▶ **INFORMATION PROVIDED**

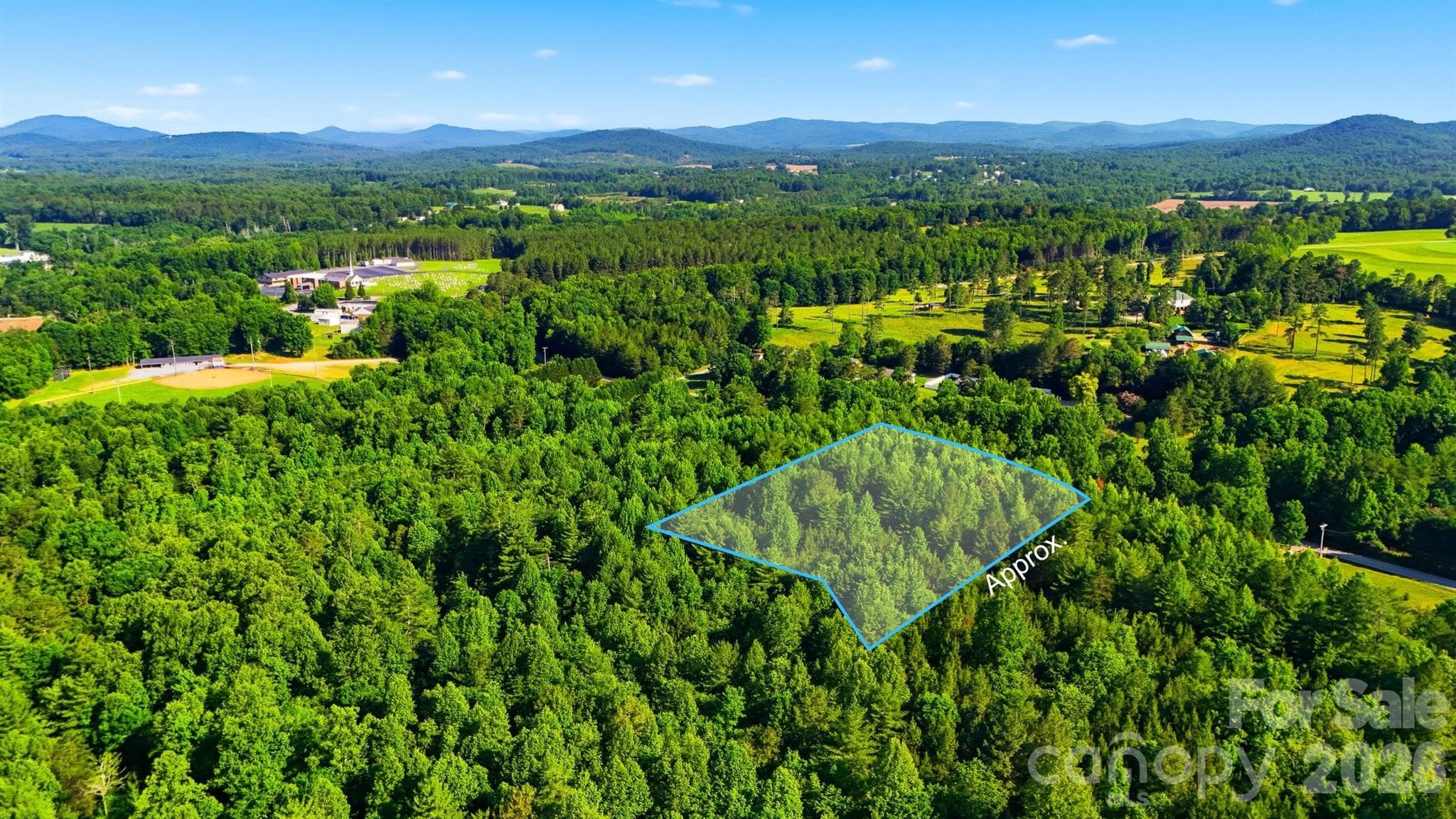 Lot at 5647 Charlie Little Road, Granite Falls, photo 5 of 11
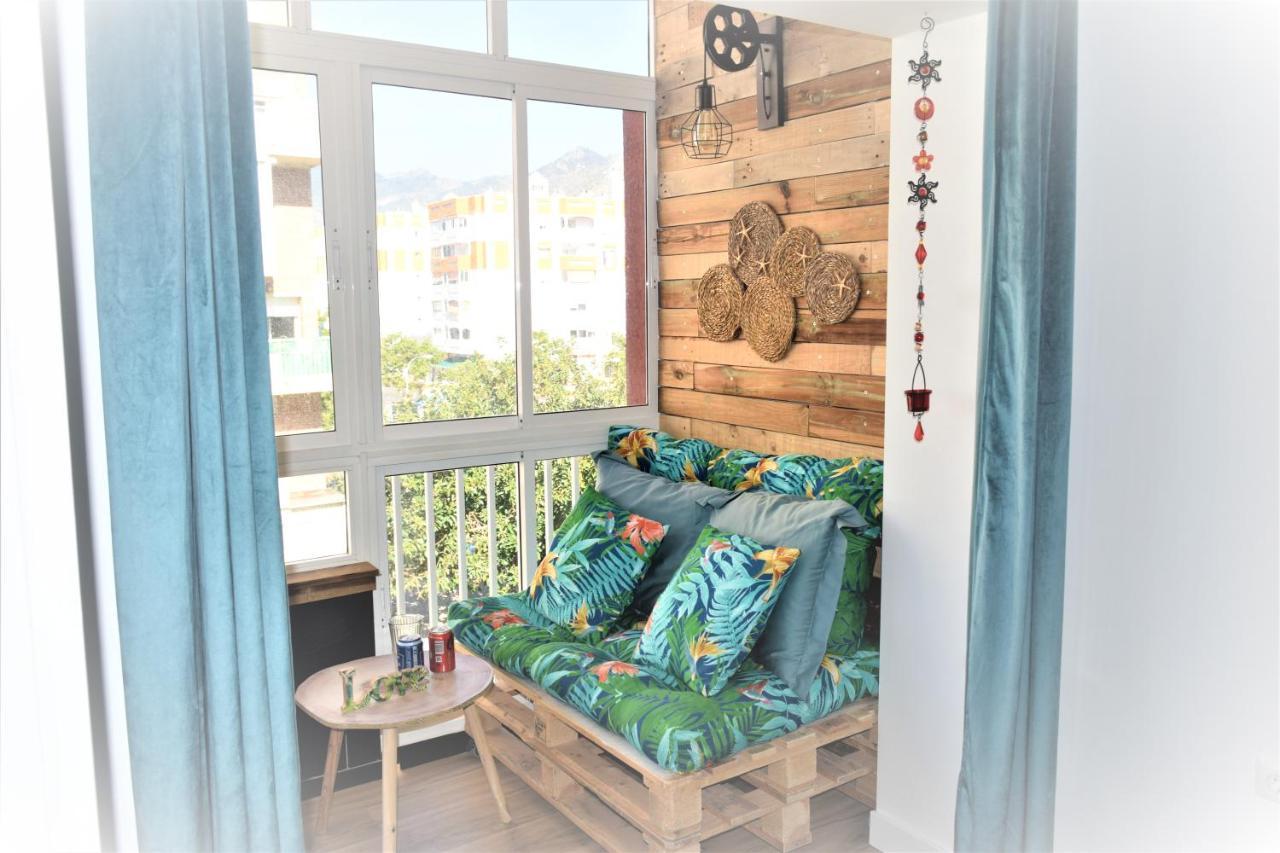Acuarela Studio In Benalmádena Exteriör bild
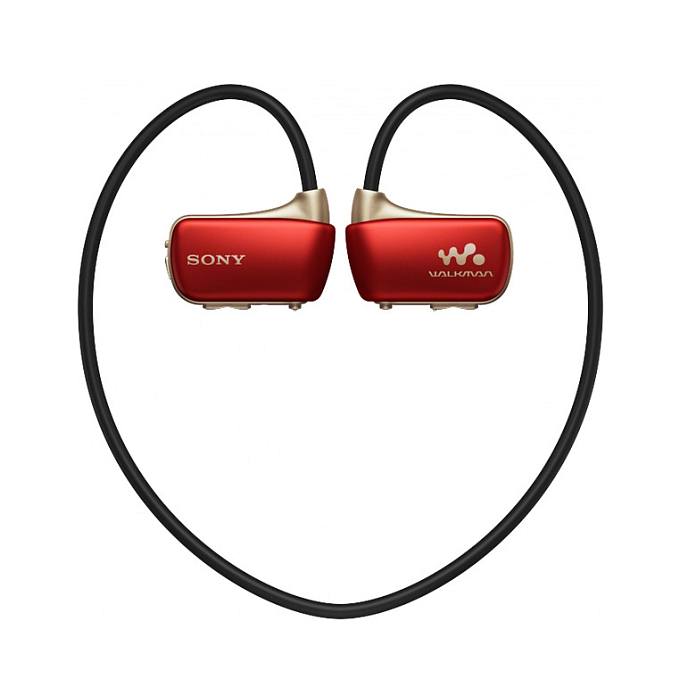 Плеер Sony NWZ-W273S Red - рис.1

▶ **WHAT TO WORK ON**
Since only the text is needed, retype the data above exactly and omit the pictures.

▶ **EXPECTED ANSWER**
 Lot at 5647 Charlie Little Road, Granite Falls, photo 5 of 11
Acuarela Studio In Benalmádena Exteriör bild
 Плеер Sony NWZ-W273S Red - рис.1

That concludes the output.